Mais adiante, na página 178, parágrafo 13, o mesmo livro diz:
"Durante a Primeira Guerra Mundial, de 1914-1918 E. C., alguns do restante do Israel espiritual aceitaram serviço não-combatente nas forças armadas, e assim passaram a ter culpa de sangue por sua participação na responsabilidade comunal pelo sangue derramado na guerra. No entanto, em 1939, ano em que irrompeu a Segunda Guerra Mundial, todos os do restante do Israel espiritual e também os da "grande multidão" de companheiros semelhantes a ovelhas declararam-se a favor da absoluta neutralidade para com os conflitos mundiais, sem consideração de nacionalidade. A publicação do artigo sobre "Neutralidade", no número inglês de 1.° de novembro de 1939 de A Sentinela (fevereiro de 1940, em português), esclareceu sua atitude."
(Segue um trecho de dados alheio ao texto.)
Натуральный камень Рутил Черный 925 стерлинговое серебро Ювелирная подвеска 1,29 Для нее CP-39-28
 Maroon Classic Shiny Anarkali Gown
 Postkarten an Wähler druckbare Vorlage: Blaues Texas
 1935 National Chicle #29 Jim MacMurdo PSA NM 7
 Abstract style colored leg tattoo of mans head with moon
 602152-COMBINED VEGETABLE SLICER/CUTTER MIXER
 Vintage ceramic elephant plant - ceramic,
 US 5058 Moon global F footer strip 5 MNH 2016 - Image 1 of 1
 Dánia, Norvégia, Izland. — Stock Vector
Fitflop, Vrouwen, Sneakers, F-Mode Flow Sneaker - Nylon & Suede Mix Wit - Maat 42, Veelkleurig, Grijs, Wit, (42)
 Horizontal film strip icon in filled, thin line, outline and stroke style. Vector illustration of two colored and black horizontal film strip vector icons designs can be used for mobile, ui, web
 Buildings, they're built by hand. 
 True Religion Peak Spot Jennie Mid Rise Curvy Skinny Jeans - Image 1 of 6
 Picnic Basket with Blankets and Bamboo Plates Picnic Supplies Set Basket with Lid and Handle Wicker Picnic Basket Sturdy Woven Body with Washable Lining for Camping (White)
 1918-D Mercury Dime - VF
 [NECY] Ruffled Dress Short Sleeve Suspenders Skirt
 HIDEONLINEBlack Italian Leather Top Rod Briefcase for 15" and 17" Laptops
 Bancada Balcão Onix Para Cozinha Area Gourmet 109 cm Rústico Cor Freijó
No livro Aproximou-se o Reino de Deus de Mil Anos (1975), a Sociedade Torre de Vigia estabelece outro aspecto da culpa de sangue e responsabilidade comunal. Depois de identificar o clero da cristandade com o "homem que é contra a lei", o livro diz na página 381, parágrafo 38:
"Naturalmente, o que for feito por um membro destacado deste "homem" clerical lança culpa sobre todos os outros membros da classe clerical, por concordarem com o que é feito ou por não protestarem contra isso, ou por anuírem e permanecerem na organização clerical. Todos compartilham da responsabilidade e culpa comunal pelo que um membro da classe clerical faz de modo representativo, ao falar ou agir pelo grupo inteiro."
Aqui e em outros sítios nas publicações da Torre de Vigia, a Sociedade estabelece o ensino de que quando alguém é membro de qualquer grupo, ele tem "responsabilidade comunal" por tudo o que é feito por esse grupo. Embora os livros Está Próxima a Salvação do Homem da Aflição Mundial! e Aproximou-se o Reino de Deus de Mil Anos tenham mais de 20 anos, não penso que o ensino tenha mudado neste ponto.
Na Despertai! de 8 de setembro de 1987, páginas 10-11, a Sociedade Torre de Vigia faz o seguinte apelo aos membros de outras igrejas, a seguir ao subtítulo "Se a Igreja Deixa de Agir, Agirá Você?":
"Se, depois de uma pesquisa honesta, não ficar satisfeito diante do que vê, faça mais do que simplesmente queixar-se. Um jornalista, ao comentar a declaração de Karl Barth de que uma igreja é o que são os seus membros, concluiu logicamente: "Os membros da igreja ... são responsáveis pelo que a igreja diz e faz." Assim, pergunte a si mesmo: Estou disposto a partilhar da responsabilidade por tudo que minha igreja diz e faz? Posso realmente orgulhar-me de ter a todos os seus membros como irmãos espirituais?"
Vemos assim que as Testemunhas de Jeová condenam os Standfasters e dizem que eles foram desleais, mas ao mesmo tempo exortam os membros das outras igrejas a lembrarem-se que têm uma "responsabilidade comunal" por aquilo que as suas igrejas fizeram e fazem.
Juntando toda esta informação, parece que A Sentinela de 15 de março de 1996 está a dizer que os Standfasters deviam ter permanecido leais à organização das Testemunhas de Jeová e deviam ter ficado dentro dela, mesmo quando a organização, como ela própria admite, incorreu em culpa de sangue e no desfavor de Deus por não ter sido neutra na guerra.
Dito de forma mais simples: a revista Sentinela está a pedir aos seus membros que coloquem a lealdade à organização das Testemunhas de Jeová acima da lealdade a Deus, lealdade ao que é correto e lealdade às suas próprias consciências.